In [3]:
import pandas as pd
import numpy as np
import os
import json
from pathlib import Path

# Set up paths - using absolute paths for reliability
raw_data_path = os.path.abspath("/root/nfs/AJ FinRag/Company Raw Data/all_companies.csv")
processed_data_dir = os.path.abspath("/root/nfs/AJ FinRag/Company Processed Data")

def verify_file_exists(file_path):
    """Check if file exists and is accessible"""
    if not os.path.exists(file_path):
        raise FileNotFoundError(f"Input file not found at: {file_path}")
    if not os.path.isfile(file_path):
        raise ValueError(f"Path exists but is not a file: {file_path}")
    if not os.access(file_path, os.R_OK):
        raise PermissionError(f"Cannot read file: {file_path}")

def clean_and_drop_nan(df):
    """Clean and drop NaN values while preserving data structure"""
    # First replace inf/-inf with NaN
    df = df.replace([np.inf, -np.inf], np.nan)

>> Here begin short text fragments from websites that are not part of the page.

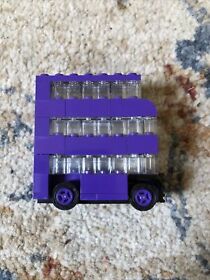 LEGO Mini Harry Potter Knight Bus set #4695 from 2004 used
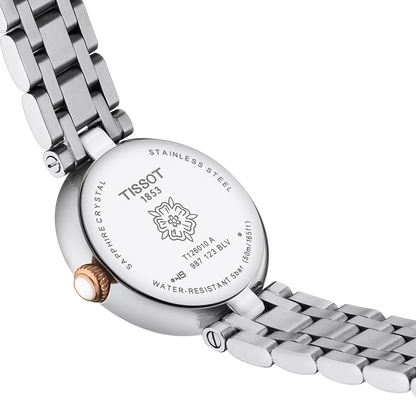 Montre Femme Tissot Bellissima T1260102201301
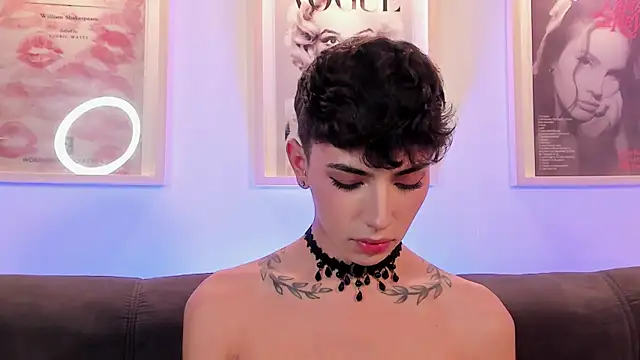 Chatroom XXX en direct de evan_voss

    # For time series data, we don't want to drop all rows with any NaN
    # Instead, we'll handle different columns differently

    # For indicator columns, we can safely drop rows where all indicator values are NaN
    indicator_cols = ['MACD_Histogram', 'macd_crossover', 'bollinger_bands',
                     'exceeding_upper', 'exceeding_lower',
                     'overbought_and_oversold_conditions', 'kdj_crossover',
                     'Returns', 'VWAP', 'alpha_smr', 'alpha_mom']

    # For price/volume data, we should keep even if indicators are NaN
    price_cols = ['open', 'high', 'low', 'close', 'volume', 'adj_close']

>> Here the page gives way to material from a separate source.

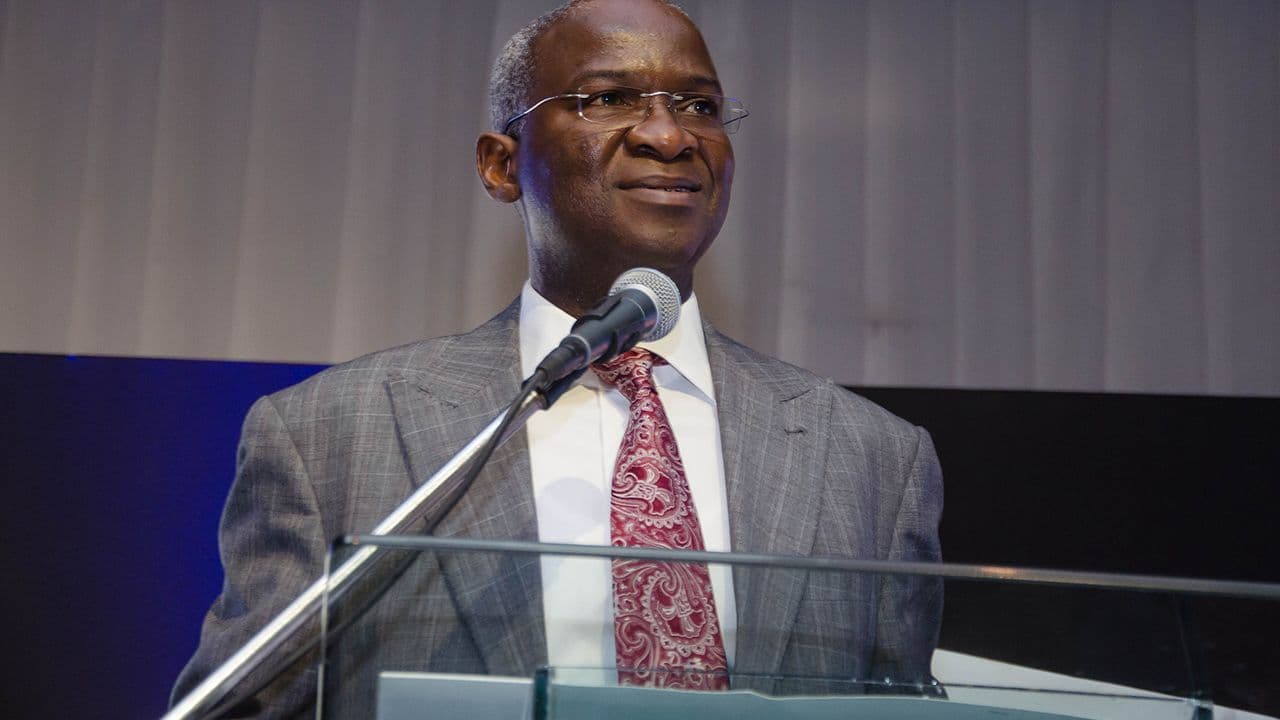 Fashola, Young Lawyers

    # Keep rows where we have at least one indicator value or all price data
    df = df.dropna(subset=price_cols, how='all')

    # For indicators, only drop rows where all indicators are NaN
    if len(indicator_cols) > 0:
        df = df.dropna(subset=indicator_cols, how='all')

    return df

def calculate_ema(data, period):
    """Calculate Exponential Moving Average"""
    return data.ewm(span=period).mean()

def calculate_sma(data, period):
    """Calculate Simple Moving Average"""
    return data.rolling(window=period).mean()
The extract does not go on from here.